36 If it were damnable, &c.] Shakspeare shows his knowledge of human nature in the conduct of Claudio. When Isabella first tells him of Angelo's proposal, he answers, with honest indignation, agreeably to his settled principles,

Thou shalt not do't.

But the love of life being permitted to operate, soon furnishes him with sophistical arguments; he believes it cannot be very dangerous to the soul, since Angelo, who is so wise, will venture it. 1 JOHNSON..

37 -delighted spirit-] i. e. the spirit accustomed here to ease and delights. This was properly urged as an aggravation to the sharpness of the torments spoken of. The Oxford editor, not apprehending this, alters it to dilated. As if, because the spirit in the body is said to be imprisoned, it was crowded together likewise; and so by death not only set free, but expanded too; which, if true, would make it the less sensible of pain.

WARBURTON.

38 the corrupt deputy scaled.] To scale may mean to disorder, to disconcert, to put to flight. An army routed is called by Hollinshed an army scaled. The word sometimes signifies to diffuse or disperse; at others, as I suppose in the present instance, to put into confusion.

STEEVENS.

39 -brown and white bastard.] Bastard was a kind of sweet wine then much in vogue, from the Italian bastardo.

WARBURTON.

40-since, of two usuries, &c.] Here a satire on usury turns abruptly to a satire on the person of the usurer, without any kind of preparation. We may be assured then, that a line or two, at least, have been lost; the subject of which we may easily discover-a comparison between the two usurers; as, before, between the two usuries. So that, for the future, the passage should be read with asterisks thus-by order of law, *** a furr'd gown, &c. WARBURTON.

Sir Thomas Hanmer corrected this with less pomp: then since of two usurers the merriest was put down, and the worser allowed, by order of law, a furr'd gown, &c.

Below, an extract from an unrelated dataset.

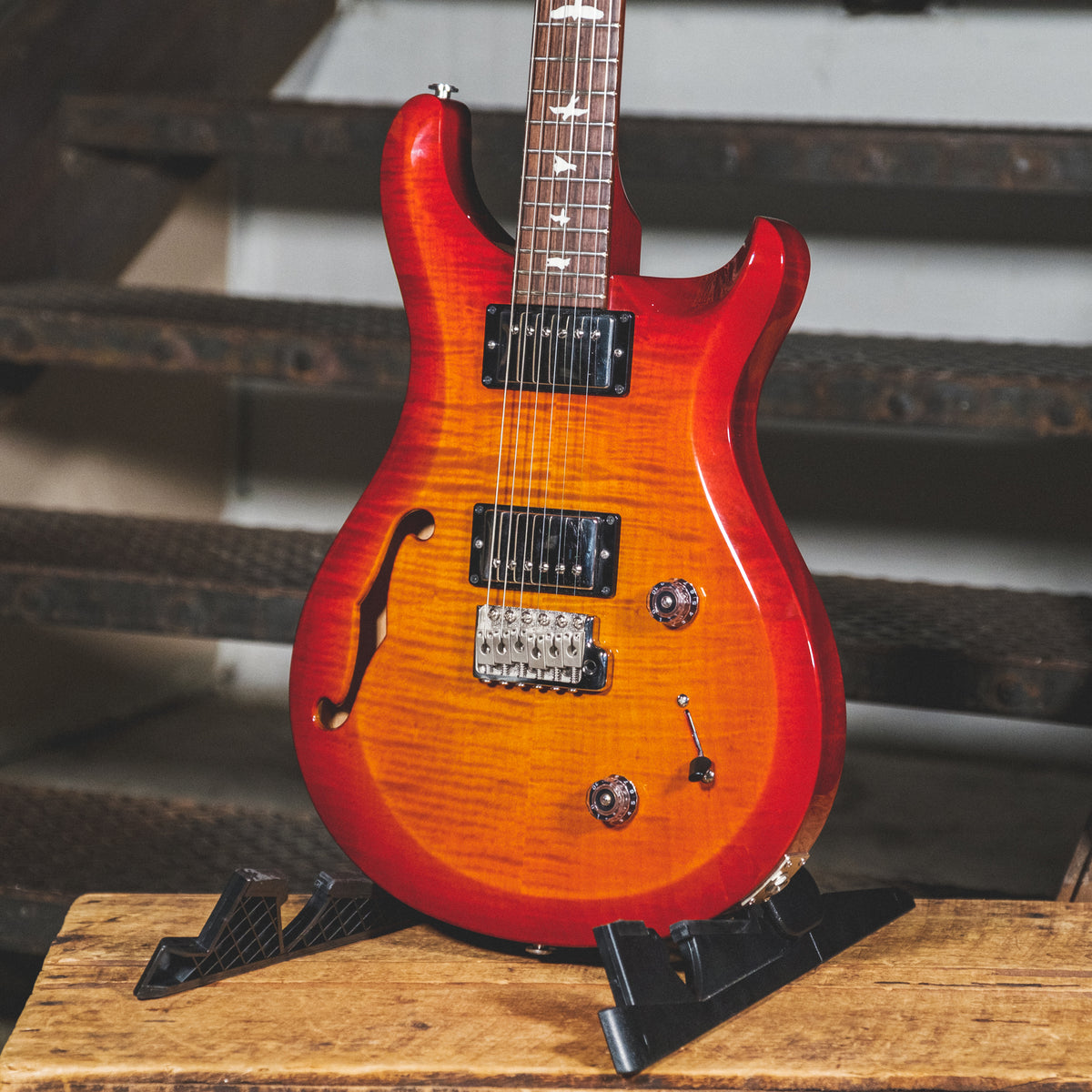 PRS 2015 Custom 22 S2 Violin Burst With OGB - Used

His punctuation is right, but the alteration, small as it is, appears more than was wanted. Usury may be used by an easy licence for the professors of usury.

JOHNSON.

After all that the commentators have said here, I can see no reason for the Clown's moralizing on the different fate of two usurers. By the merry usury, which the law had put down, I can only suppose him to mean the traffic in the suburbs, where the principal and her agent divided the profits; in other words, his own profession of a bawd.

41 Free from our faults, as faults from seeming, free!] Dr. Johnson would have this line,

Free from all faults, or from false seeming free.' And sir T. Hanmer,

Free from all faults, as from faults seeming free.' 42 -to your waist, a cord, sir.] Some orders of friars wear a cord for a girdle.

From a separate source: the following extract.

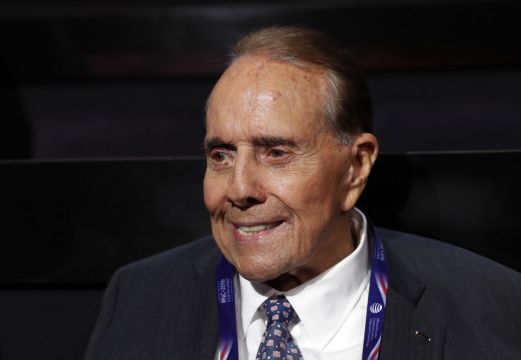 Senate Leader And Presidential Candidate Bob Dole Dies Aged 98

43 -Pygmalion's images, newly made woman,] Mr. Douce's note on this passage would be right I think, if the scene were laid in England. By Pygmalion's images, he understands new money of queen Elizabeth; but unfortunately the conversation is supposed to be holden at Vienna, and a Duke is the sovereign. Yet mistakes like this are not unfrequent in Shakspeare.

44 What say'st thou to this tune, matter, and method? Is't not drown'd i' the last rain?] This nonsense should be thus corrected, It's not down i' the last reign, i. e. these are severities unknown to the old duke's time. And this is to the purpose. WARBURTON.

Dr. Warburton's emendation is ingenious, but I know not whether the sense may not be restored with less change. Let us consider it. Lucio, a prating fop, meets his old friend going to prison, and pours out upon him his impertinent interrogatories, to which, when the poor fellow makes no answer, he adds, What reply? ha? what say'st thou to this? Tune, matter, and method,-is't not? Drown'd i'th' last rain? ha? what say'st thou? trot? JOHNSON.

45 in the tub.] The method of cure for venereal complaints is grossly called the powdering-tub.

JOHNSON.

46 -clack-dish:] The beggars, two or three centuries ago, used to proclaim their want by a wooden dish with a moveable cover, which they clacked to shew that their vessel was empty. This appears in a passage quoted on another occasion by Dr. Gray.

STEEVENS.

47 Pattern in himself to know,
Grace to stand, and virtue go;]

These lines I cannot understand, but believe that they should be read thus:

Patterning himself to know,

In grace to stand, in virtue go;

To pattern is to work after a pattern, and, perhaps, in Shakspeare's licentious diction, simply to work. The sense is, he that bears the sword of heaven should be holy as well as severe; one that after good examples labours to know himself, to live with innocence, and to act with virtue.

JOHNSON.

This passage is very obscure, nor can be cleared without a more licentious paraphrase than any reader may be willing to allow. He that bears the sword of heaven should be not less holy than severe: should be able to discover in himself a pattern of such grace as can avoid temptation, together with such virtue as dares venture abroad into the world without danger of seduction.

I should think Shakspeare rather wrote

Pattern in himself-to show

Grace to stand, and virtue go;

STEEVENS,

As if he had said, becoming a pattern himself, (or being in himself an example,) that he might show to others how grace will withstand temptation, and how virtue may be rendered operative.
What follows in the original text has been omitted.